I wonder if the people who push for one community per topic across all the Fediverse are just extreme tidiness types who get a kick out of seeing everything in orderly little boxes. Trying to Marie Kondo a decentralized internet forum, that way lies madness.
One option is them being tied together while remaining separate. Like have the clients all treat them as one channel on the client side, with them still all being separate on the server end.
I think the main problem people want dealt with is when they are in 7 of the same community accross different servers and someone cross posts something to all 7 of them. I don't know if we'll ever be able to solve that problem on the user end, like discouraging cross posts or whatever, but there could be a way that posting to one automatically and invisibly crossposts to all the channels that are deemed "like" that one. Whether communities could have tags that align with post tags, or something like that. I don't know. But it sucks that right now the option is either pick one and deal with missing out on anything not cross posted, or pick a few and deal with all the things you see multiple times.
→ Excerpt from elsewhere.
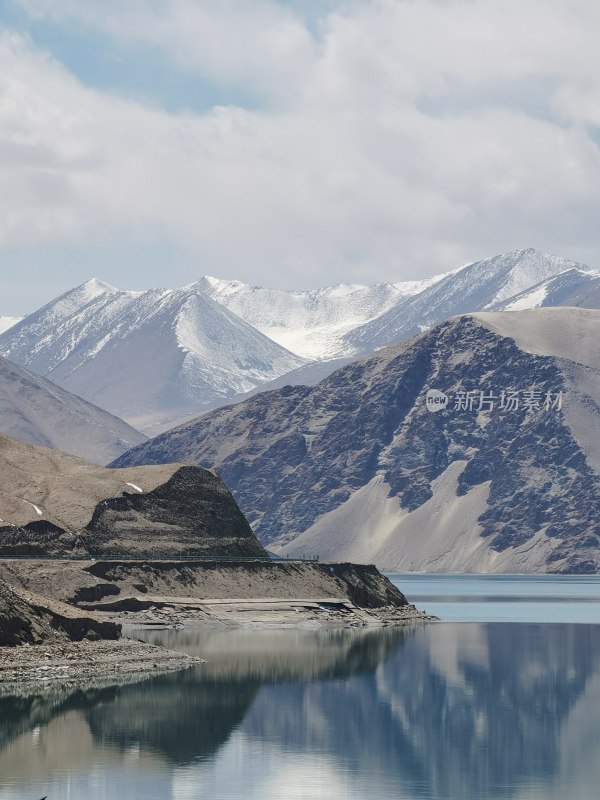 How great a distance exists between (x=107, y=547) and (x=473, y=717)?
99596 millimetres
If I see a cross-post, I just block the user. Cross-posters are not the type of people I will miss anyway. Solves the problem for me.
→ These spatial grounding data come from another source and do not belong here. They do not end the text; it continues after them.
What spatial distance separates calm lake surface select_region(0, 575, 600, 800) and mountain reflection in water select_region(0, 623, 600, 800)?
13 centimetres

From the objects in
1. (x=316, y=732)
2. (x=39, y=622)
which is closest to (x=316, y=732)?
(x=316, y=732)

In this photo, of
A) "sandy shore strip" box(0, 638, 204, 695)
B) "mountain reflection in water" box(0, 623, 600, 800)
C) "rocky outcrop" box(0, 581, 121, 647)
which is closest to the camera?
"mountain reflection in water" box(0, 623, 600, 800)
It would be annoying to see repeat posts, this is people's main complaint. In my opinion this could be fixed with a tab system that takes you between comments sections of posts of the same URL on different instances.
This feels like the best of both worlds.
I completely understand your perspective and align with it, but people need to start thinking about these discussions when they push for more mass adoption and expanding the user base. Lemmy is niche; if people want to have individuals join who aren't very tech savvy, they need to consider why people are asking questions such as OP's. The "if you don't like it then leave" mentality cannot coincide with "we need more users and engagement". The platform doesn't necessarily need to change, but it needs to learn to be inclusive of those who are used to centralized platforms like Reddit and make accommodations or compromises. Otherwise Lemmy will not grow. If not growing is the consensus, that's fine, but Lemmy needs to make it's mind up first of what it wants to be.
You get me. Yes — exactly.
I can barely figure all this out and my goal is exactly where you are talking about — to make adopting Lemmy as easy as possible to attract as many users away from the corporate social media as possible.
I want all corporate social media flat lined.
I suppose that I can personally tolerate same-theme communities across multiple instances. I feel like I was a late arrival at Reddit and when I grasped it’s potential, it became an important source of information, entertainment and community for me. Then it imploded.
But a lot of people are still over there and I guess I hope to see it flatlined completely.
So I hope that Lemmy can be as easy to use as possible.
But this thread has persuaded me that redundant groups are healthy. I just hope new users come here and abandon all corporate social media.